I let all these set for about 20 minutes or so.
 
Conclusions:
 
The straight peat moss came out right at 4.5
 
The OLD soil came out at 6.9
 
The new soil (which was old soil mixed with fresh peat moss, perilite, ewc, and rabbit poo) came out at 6.0-6.2
 
...between each reading the probe was rinsed off completely under running tap water. Checked the PH of the vinegar to ensure accuracy, then rinsed off again and checked the PH of a glass of the tap. Each time the vinegar came to 2.4 and the tap between 7.3-7.5.
 
After all the soil tests were done I checked the vinegar and tap water once again.
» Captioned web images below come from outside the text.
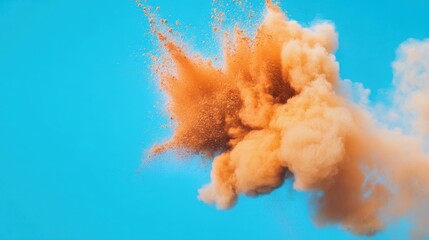 Poster - Orange Powder Explosion Against Blue Sky Background; Abstract Art; Color Burst; Studio Shot; High Angle; Conceptual Photography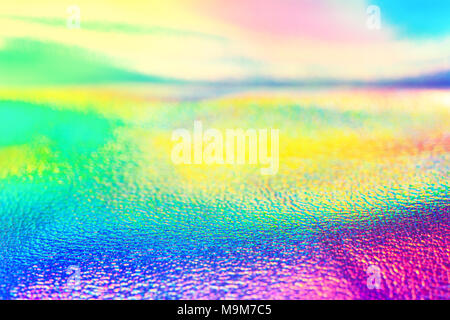 Rainbow real foil olografico neon di texture di sfondo. Neon vibranti texture. Sfondo alla moda. Foto Stock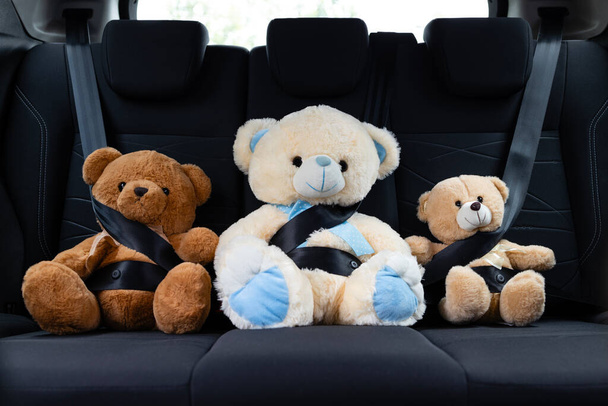 Concepto de seguridad para niños. Juguetes de oso de peluche con cinturón de seguridad para niños mientras conduce. - Foto, imagen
Still got the same readings.
 
 
So .. long story short my old soil was around 7.0 which is high for peppers. Not only that but I was SEVERELY overwatering. Keep in mind I water with straight tap water because theres no additives and it has low TDS (total dissolved solids). Its pretty good water. However ... since I was overwatering and the soil was pretty saturated .. that would of course raise the soil PH even further. Im guessing my actual soil PH was around 7.0-7.2.
 
 
A few questions for you guys:
 
1) Is 7.0-7.2 enough to cause lockout? (Im guessing it is since peppers like slightly acidic soil)
 
2) I took out the rootballs of these plants out of their old pots and put them in the fresh mix (which I now know has a PH of 6.0-6.2). However, I left the rootball intact which has a good cantoloupe sized chunk of the old soil which was still saturated. I put each plant in a five gallon bucket with dry, fresh mix. The dry new mix will wick water away from the rootball and I am noticing all the plants are starting new leaves at their nodes. Im hoping the plants will grow new roots into the new mix and thereby correct their PH situation and take off once that happens. Is that accurate or are they screwed now that they have had lockout and I left some of the old soil intact?? Keep in mind although they are now in 5 gallon buckets with new mix of correct PH, their whole rootball is still in a chunk of the old soil that has bad PH (surrounded by the new, correct soil). Will they grow into the new soil and recover?
 
I appreciate the input everyone, you guys are great!